El esfuerzo inicial del período de gobierno se desbarranca al aproximarse las elecciones. En el último gobierno quedó demostrado que no hay regla fiscal o Consejo Fiscal Asesor que reprima los ímpetus electoralistas que en 2024 generaron un incremento del orden del 8,6% del gasto público hasta generar un déficit fiscal similar al de 2019. El sistema clientelar es tan fuerte institucionalmente, que los partidos conservadores no pueden escapar de él si quieren renovar sus aspiraciones de gobierno. Al mismo tiempo que se realiza esa crítica se apoya muchas demandas de los colectivos sociales y unidades ejecutoras estatales que muchas veces, con razón, reclaman suplementos a las partidas asignadas. Lo que demuestra que tal vez la simple aspiración de bajar el gasto no sea un mecanismo adecuado para mejorar la performance del Estado como prestador de servicios.

Se ha criticado también una presunta visión optimista sobre la tasa de crecimiento proyectada en el presupuesto. Un presupuesto a cinco años es una verdadera incertidumbre. No es posible pensar que, en un mundo incierto, en medio de un cambio de era donde los grandes líderes del mundo toman decisiones con una actitud voluntarista, el riesgo de lo imprevisto disminuya. Sin lugar a dudas, aumenta. Pero nadie puede asegurar que los imprevistos sean perjudiciales o beneficiosos. Por tanto, una proyección de crecimiento debe ser hecha sobre la base del crecimiento potencial de la economía, sin euforias de crecimiento de los niveles de inversión ni mejoras o debacles en los contextos internacionales. Lo concreto es que ese crecimiento potencial todos lo estiman en el entorno de lo que el presupuesto determina.

Un presupuesto realista no es una decisión meramente técnica. Es una decisión con fundamentos políticos. Por tanto, no puede ir en contra de las aspiraciones de toda la sociedad; puede sí moderarlas, conducirlas. No se puede desconocer que el gasto público en Uruguay es, en un elevado porcentaje, rígido por decisión del propio cuerpo electoral. No se puede desconocer que las aspiraciones de mejora de amplios colectivos requieren un sustancial aumento en los recursos para salud, educación, sistema de justicia, seguridad y varios más.

Un presupuesto realista, en Uruguay, debe aumentar el gasto. Un presupuesto realista debe aumentar ingresos vía impuestos, tratando de que sean lo más neutros posible para la actividad económica, la inversión y el consumo.
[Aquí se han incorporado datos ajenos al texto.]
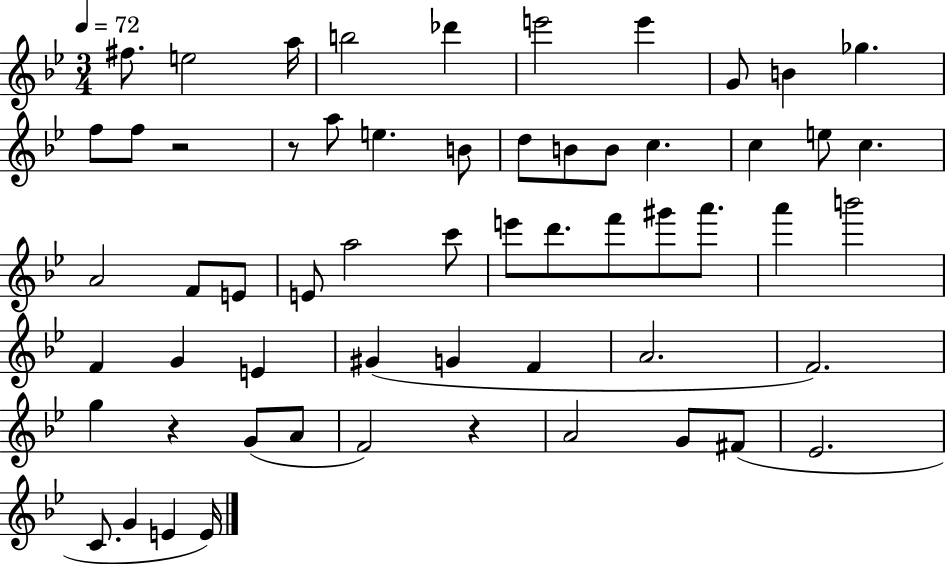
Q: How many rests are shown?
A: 4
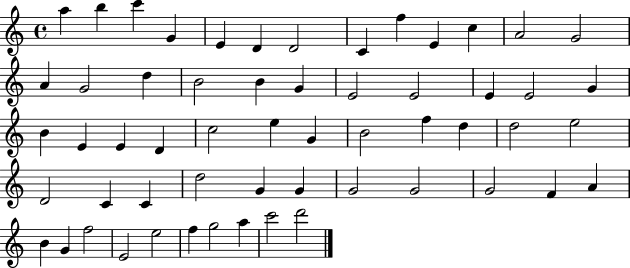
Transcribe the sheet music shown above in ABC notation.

X:1
T:Untitled
M:4/4
L:1/4
K:C
a b c' G E D D2 C f E c A2 G2 A G2 d B2 B G E2 E2 E E2 G B E E D c2 e G B2 f d d2 e2 D2 C C d2 G G G2 G2 G2 F A B G f2 E2 e2 f g2 a c'2 d'2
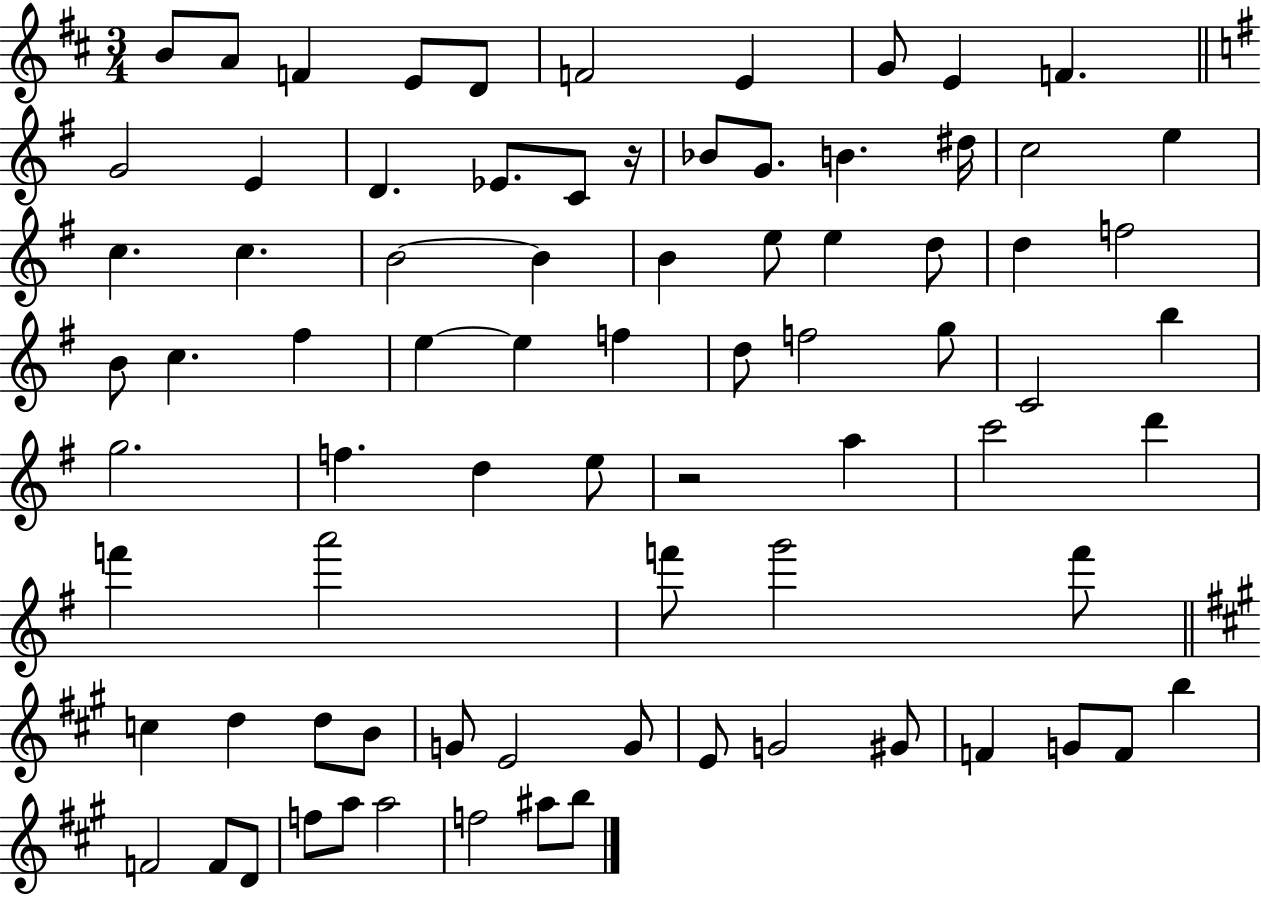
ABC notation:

Desde la restauración democrática, el Estado uruguayo se ha mantenido con un déficit constante. Nuestra perspectiva demográfica nos pronostica un futuro de mayor demanda de gasto en pasividades y salud, de lo cual se desprende un cada vez más alto gasto rígido. La sostenibilidad fiscal es más compleja de lo que los bocinazos electorales auguran. ¿Se puede escapar de esta encrucijada de tener una presión fiscal al límite aceptable y una demanda persistente de incremento del gasto? Sí se puede, pero se requerirá un gran consenso político para abordar lo que Tabaré Vázquez llamaba la madre de todas las reformas. Consensuar por el sistema político un Estado moderno y eficiente que permita implementar un presupuesto por programas y resultados. Parece difícil obtener los consensos. Pero si no, como escribió Antara Haldar recientemente en estas páginas, nuestro futuro está atado a la adaptabilidad de nuestras instituciones; “la elección entre abundancia y apocalipsis sigue siendo nuestra”. Mientras tanto, continuemos con este presupuesto realista y aceptemos que llegó la hora de pensar en la modernización institucional.

Raúl Labadía es empresario, publicista, coordinador del Nodo Estado, Instituciones y Políticas Públicas de Fuerza Renovadora, Frente Amplio.